Although there is still no legal requirement to obtain a residence card, documenting your immigration status in the UK is now highly advisable. Indeed, the lack of commitment on the part of the government to guarantee the future of EU/EEA nationals in the UK has had far reaching consequences.
We hear that financial lenders are shying away from offering mortgages to EU nationals. We also hearing from EU nationals who are not currently Qualified Persons being reluctant to travel out of the UK for fear of not being allowed back into the country.
The Form to apply for a document certifying permanent residence is the EEA PR form. There is a paper version and an online version, the online version is much shorter and simpler to complete. It does not ask for each absence from the UK to be listed. Applicants wishing to use the European Passport Return Service (EPRS) should complete the online form. At present the processing fees for the EEA(PR) are £65. There will be additional fees for those using the European Passport Return Service.
LITTLE KNOWN FACTS:
- The required five years could be any five year period, not just the last five years.
- You can can mix and match your qualifying activities, for example, you could combine three years of payed employment with two years of self sufficiency or being a student (so long as you had comprehensive sickness insurance)
- There are circumstances where you might still have permanent residence even though you have not exercised treaty rights for 5 years. This will be the case for those who worked initially and then retired. It will also be the case for those who have permanent incapacity following a period of employment.
- In general terms, and EHIC card issued by another member state cannot be relied on as proof of Comprehensive Sickness Insurance (CSI) when applying for a document to certify permanent residence.
- For those who were out of work for a period of more than six months during the five year qualifying period, they will need evidence that they were registered as unemployed and seeking work of self sufficient with CSI
- EU citizens from one of the A8 countries (Czech Republic; Latvia; Poland; Estonia; Hungary; Lithuania; Slovakia; Slovenia) should not rely on a period of employment if they failed to register under the Worker Registration Scheme (WRS) when they were expected to. Working without being registered will be regarded as unlawful and will be discounted from the period of residence claimed.

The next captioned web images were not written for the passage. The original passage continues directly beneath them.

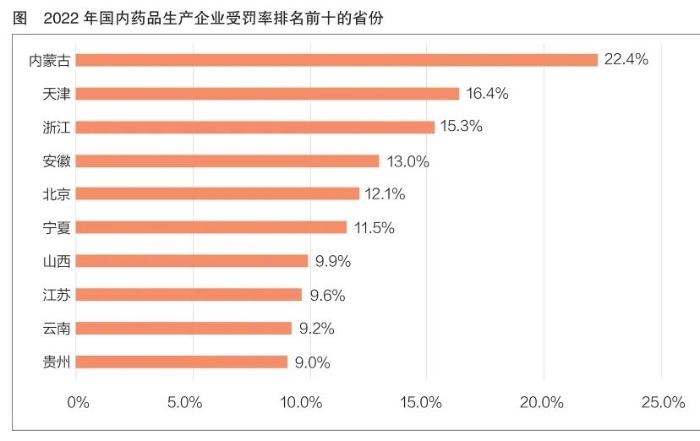 舆情看点|2022年药品生产企业受到行政处罚情况盘点 产品质量、安全生产、环境保护问题需重点关注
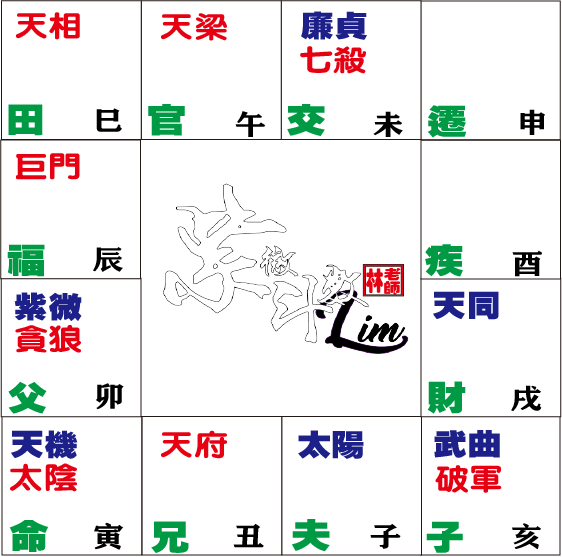 命盘紫贪1天机太阴在寅 科學看紫微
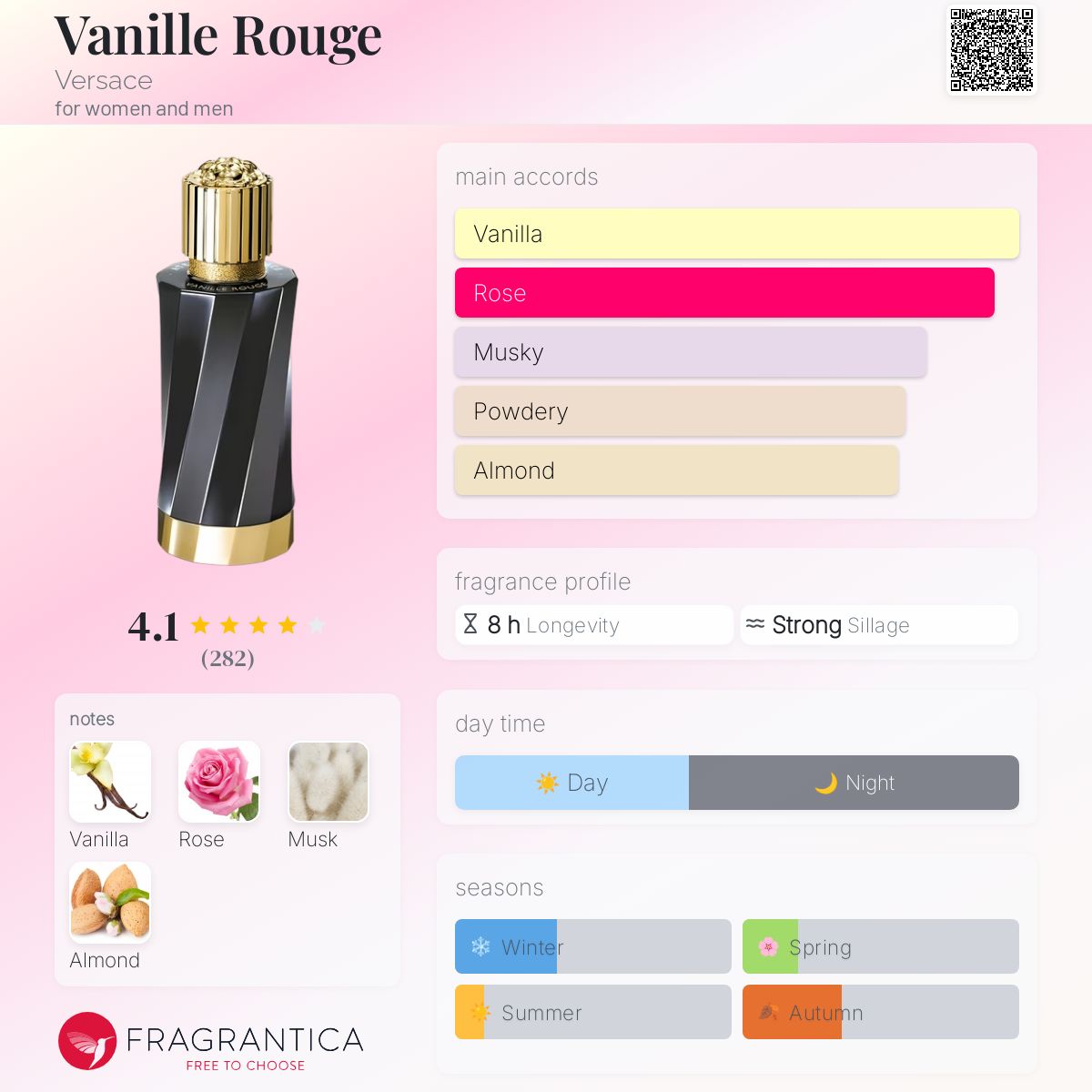 ATELIER VERSACE VANILLE ROGUE EDP 3.4 TESTER U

- The extension of the WRS scheme between 2009 and 2011 is regarded as unlawfulas per TG v Secretary of State for work and pensions, CPC/1026/2014; UKUT50 (AAC). Unfortunately the Home office has yet to implement the judgement and caseworkers are still refusing applications from A8 nationals who were not registered between 2009 – 2011.
- Permanent residence can be lost through being absent from the UK for two years or more.